Medically, a number of medications are available for stroke prevention including aspirin, warfarin and the newer (read more expensive - and to be fair, much more user friendly) agents. When addressing the abnormal rhythm, various meds are available and, when ineffective catheter ablation may be offered. This is catheterizing the heart, usually through one of vessels in the leg, and attempting to both locate and destroy the tracks along which the abnormal electric signal travels. As you might imagine, it's a big deal! I found an on line ad for the Cleveland Clinic where they advertise having performed more than 1200 ablations for AF last year with success.
I've read various posts over the years on various tri forums, readers echoing the disappointment that their medical issues not only limit their ability to train but race as well. One athlete with significant AF summed it up this way, "I am not letting it take over my life, but it ****ing sucks that I can no longer participate at the level in endurance sports that I had been able to achieve with 20 years involvement in one sport or another (running, cycling and tris). I even dropped out of IMLP since I knew I couldn't train for the race in my condition." (I really feel for this guy and I know you do too.)
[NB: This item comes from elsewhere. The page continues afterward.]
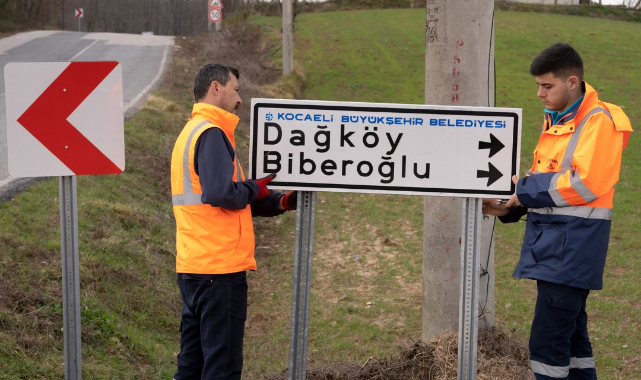 Kırsal mahallelerin trafik levhaları yenileniyor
So, if you've recently been given the news that you have AFib and it requires treatment, research it out, get as much information as you can, and do what you and your physician think is best for you.
|"No One Said It Would Be A Piece Of Cake?"|
This hand written note was tied to a sign at about the one mile mark of the bike in Kona in October. A mile later there was one that read, "Cake? We have an App for that!" And a mile later...you get the picture. Isn't it nice that on days when we occasionally feel isolated and exhausted, that we have friends and family to remind us that they're still there, and they care. Make sure you thank them every day.